Ein grundlegendes Problem des Films ist sein anfängliches Defizit, für ein anständiges Tempo zu sorgen. Selbstverständlich gibt es auch hier direkt zu Beginn den obligatorischen Einstiegsmord zu begutachten, doch danach fällt Jasper Park dann erst einmal in den Winterschlaf und stellt seinem Publikum seine allesamt nicht sehr liebenswürdigen Charaktere vor. Dass es sich dabei um Mitarbeiter einer großen Software-Firma handelt, sorgt für keinerlei Differenzen zum üblichen Backwood-Slasher, verhalten sich doch auch diese Figuren derart unliebsam und debil, dass man ihnen schnellstmöglich die Pest an den Hals oder besser noch die nächste Axt in den Schädel wünscht. Auch der leise Spannungsaufbau wird dann niemandem die Schweißperlen auf die Stirn treiben, denn durchs Bild huschende Schatten oder die subjektive Beobachterkamera aus dem Dickicht heraus werden selbst sanftere Gemüter nicht an ihre Grenzen bringen. Dass Backwoods aka Jasper Park fürs Fernsehen produziert wurde, merkt man dem Film unglücklicherweise in Form einer steten Einsparung an Gore und Brutalitäten an. Bis auf einen Hals, der die unfreudige Begegnung mit einem Pfeil machen darf, werden Splatterfreaks fast gänzlich außen vor gelassen, was den Streifen insgesamt einfach eine Spur zu zahm und inkonsequent erscheinen lässt. Die deutsche Freigabe ab 18 Jahren ist im direkten Vergleich zu wesentlich blutrünstigeren 16er-Horrorfilmen daher mal wieder ein schönes Beispiel für die scheinbare Willkür der FSK.

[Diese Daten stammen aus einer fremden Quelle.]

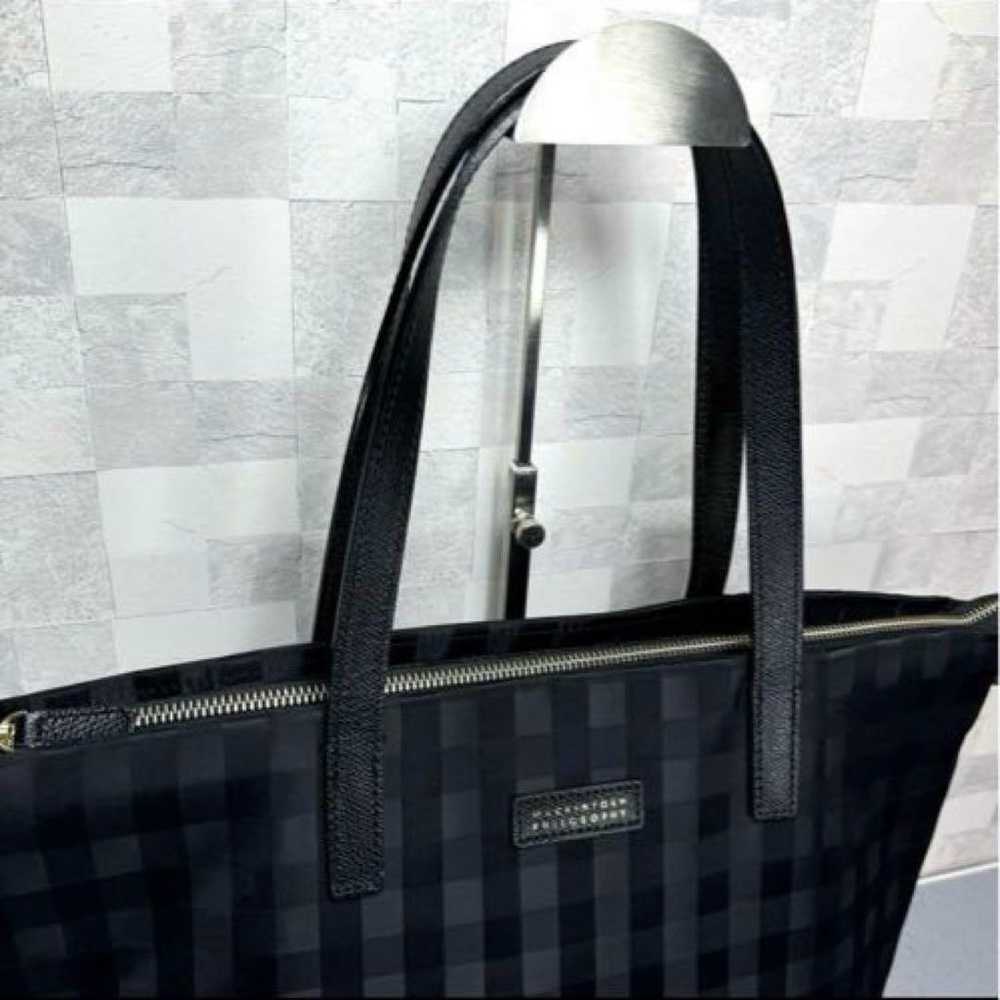 MACKINTOSH PHILOSOPHY Tote Bag Black Check Pattern - image 5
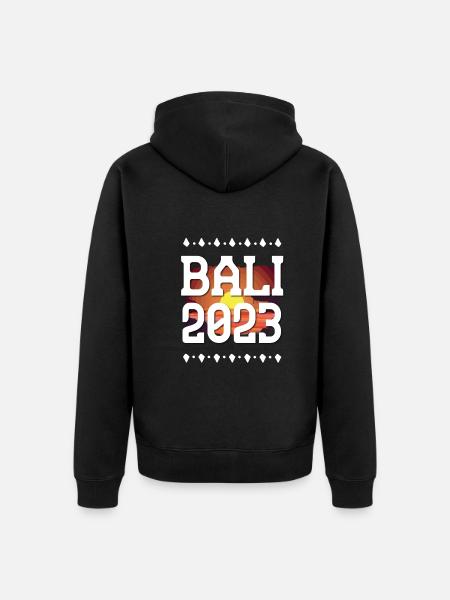 Bali 2023 - Unisex Premium Bio Zip Hoodie - Schwarz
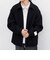 PURE WOOL MELTON リラックス ジップアップ ブルゾン◆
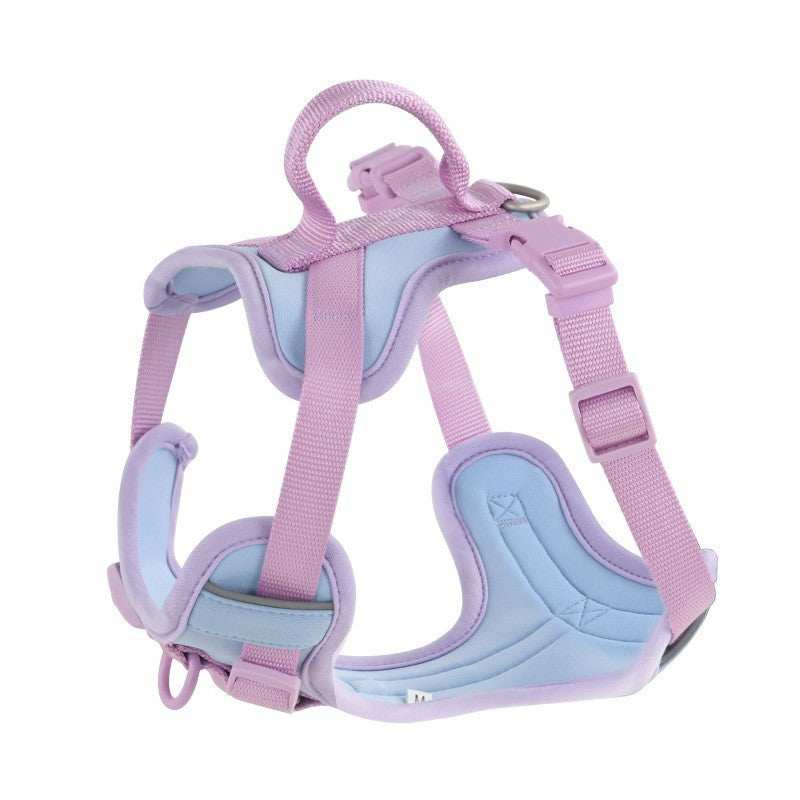 Dog Collar Harness Hand Holding and Rope Leash - Easy Control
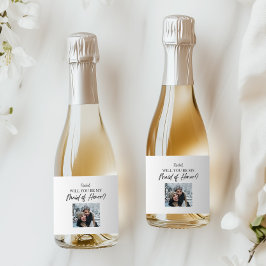Etiquetas Para Vinos Espumosos ¿Serás Mi Propuesta de Dama de Honor Personalizada
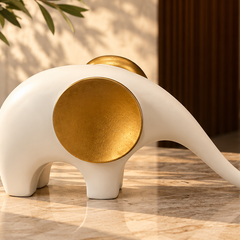 Ivory & Gold Serenity Elephant Sculpture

Dass Jasper Park nicht gänzlich unterdurchschnittlich daherkommt, ist einer etwas kurzweiligeren, zweiten Hälfte zu verdanken, in der die Machenschaften der Killer näher beleuchtet werden. Diese haben sich in dem Naturschutzgebiet ihren eigenen Lebensraum errichtet und leben dort wie eine Sekte unter der Führung ihrer geisteskranken Mutter. Fremde werden höchstens zur unfreiwilligen Fortpflanzung geduldet, weshalb den Hillbillys die beiden Frauen innerhalb der Gruppe junger Ausflügler gerade recht kommen. Das Ende entwickelt sich schließlich zu einem für das Genre typischen Katz- und Mausspiel, das von Marty Weiss ordentlich in Szene gesetzt wurde, auch wenn der noch eher unerfahrene Regisseur nicht immer auf die besten Stilmittel zurückgreift. So sorgt eine in schwarzweiß und Zeitlupe gehaltene Hetzjagd über mehr als eine Minute beispielsweise eher für den Anflung eines Gähnens denn für atemlose Spannung. Ansonsten gibt es an der Inszenierung allerdings nicht viel zu bemängeln, wenn man sich immer wieder ins Gedächtnis ruft, dass es sich hierbei um ein B-Movie der unteren Preisklasse handelt. Gerade die in Vielzahl vorhandenen Naturaufnahmen wissen zu gefallen, während die Schauspieler angesichts der Dämlichkeit ihrer Charaktere immerhin noch einen akkuraten Job erledigen. Warum sich Firmenchef Johnny Dash beispielsweise ein Naturschutzgebiet, dessen Betreten Unbefugten untersagt ist, als Austragungsort für das Paintballmatch ausgesucht hat, wird somit ebenso ein Geheimnis des Drehbuchs bleiben, wie die unbeantwortete Frage, warum es die Charaktere in solchen Filmen in Notsituationen eigentlich immer in jene verlassenen, rustikalen Häuser zieht, die schon von außen den Anschein erwecken, als hätten sie noch nie ein Telefon beherbergt. Derlei Logiklücken werden von den Schauspielern bisweilen aber noch mit etwas Selbstironie an den Mann gebracht und somit verträglich gelöst.
Fazit: Jasper Park ist nichts anderes als ein schon dutzendfach dagewesener Vertreter des Backwood-Horrors, der trotz seiner Laufzeit von knapp 90 Minuten noch mit einigen Längen zu kämpfen hat, alles in allem aber passable Unterhaltung für nimmersatte Freunde des Genres bietet. Wer einen guten Backwood-Slasher allerdings an seinem Wiederkennungswert oder einem ordentlichen Goregehalt misst, der ist hier eindeutig im falschen Film, doch davon abgesehen hält sich diese filmgewordene Zusammenkunft von Severance und Timber Falls streng an die vorgefertigten Regeln und macht damit auch nicht all zu viel falsch. Eine Empfehlung kann für Jasper Park aber letztendlich trotz seiner Einordnung ins untere Mittelfeld nicht mehr ausgesprochen werden.